From time to time it happens that a bug is accidentally introduced and we realize it several versions later. If the cause of the bug is not clear, one good strategy is to find the piece of code change that introduced the bug, and engineer a test and fix from that change. If we have the entire history of changes of the project, we can then extract this information from the commits.
In this post, we will show how we can apply a bisection of Pharo builds easily using the Pharo Launcher to find the cause of a bug. In particular, I wanted to show the case of a real bug, from which you’ll find the issue here https://github.com/pharo-project/pharo/issues/6012: the code completion menu was not being closed when clicking outside of it.
There is git bisect…
Git provides a pretty useful command called
git bisect that helps you at finding the culprit commit. Git bisect implements a binary search on commits: it proposes you commits that you have to test and mark as good or bad. Based on how you tag a commit it will look for another commit and eventually find you the exact commit that introduced the problem.
Git bisect can be pretty handy at finding bugs, but it can be pretty heavy when on each step you need to do a long build process just to test it. This is exactly our case when bisecting the pharo history: we need to build an image.
We are not going to go into much details with git bisect, but if you want to see some more docs on it, you can take a look at the official docs in here: https://git-scm.com/docs/git-bisect.
Image bisection with the Pharo launcher
The Pharo launcher has a super fancy feature that can be used for bisection: it allows downloading any previous build of Pharo that is stored in the Pharo file server. This saves us from building an image for each version we are digging in! It is important to know at this point that the Pharo file server stores all succeeding builds of Pharo, which are almost all of them, and that there is a build per PR. So this will save us some time at attacking the issue but it will be a bit less precise because a PR can contain many commits. However, once the PR is identified, in general the commits in it will be all related.
Once we know this we can do the bisect ourselves. For example, if we want to test the entire set of 748 builds, we will first test 748 / 2 = build #374. If it is broken, it means that the problem was introduced in between builds #1 and #374, and we need to continue testing with 374 / 2 = build #187. Otherwise the bug was introduced between build #374 and build #748 and we should test with 748 + 374 / 2 = build #561. We can continue like that until we find the build X where X is working and X+1 is broken.

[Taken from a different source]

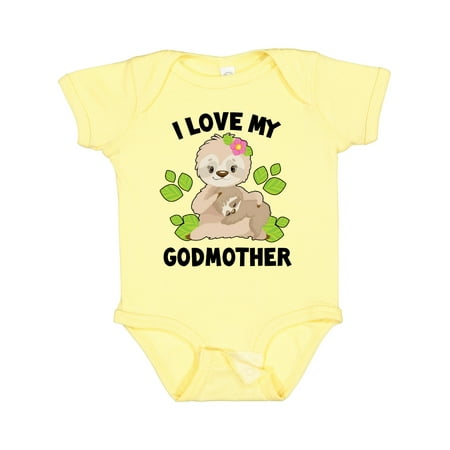 Inktastic Cute Sloth I Love My Godmother with Green Leaves Gift Baby Boy or Baby Girl Bodysuit 
Inktastic Cute Sloth I Love My Godmother with Green Leaves Gift Baby Boy or Baby Girl Bodysuit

The advantage of doing it as a binary search comes from the fact that we cut the space search by 2 every time. This makes the search a log2 operation. In practical terms: if we have 1000 commits, we will have to do log2 1000 = ~10 searches to find the culprit. Which is far better than linearly searching the 1000 commits one by one :).
Finding the problematic PR
The issue we were interested in did not exist on build #162 and it stopped working in build #163. The next step is to understand what was introduced in build #163. Once we have the breaking build, we need to obtain the PR that lead to the change. We can obtain the PR commit from the image file name given by the launcher, or we can get it from the about and help dialogs in Pharo.
Once we have the commit, the next step is to look for it in git in your favorite tool: the command line, iceberg, any external GUI based git tool, or even github. Since there are no integrations in Pharo that are not pull requests, each build commit will effectively be a PR merge commit. In our real bug example, the problematic commit was this one, which was the integration of a PR I did myself ( 🙂 ).
Now that we have the problem, we can engineer a fix for it.
Analyzing the bug
So again, this was working on build #162. It stopped working with my changes in #163. To understand the issue my strategy was the following: compare how the execution flows in both the working and non working builds.
My first step was to understand how the correct case was working in build #162. I added a breakpoint in the closing of the code completion menu, tried to auto-complete something and clicked outside. The stack trace looked as follows:
We can see that the closing of the code completion menu happens when it loses the keyboard focus. Looking at the variables in the stack, the focus before the click was:
And the click is requesting focus on
But going a bit up in the stack, the code that produces the change in the focus is
NECMenuMorph >> mouseDown: anEvent ... self flag: #pharoFixMe "ugly hack". engine editor morph owner owner <-------- takeKeyboardFocus; handleMouseDown: evt.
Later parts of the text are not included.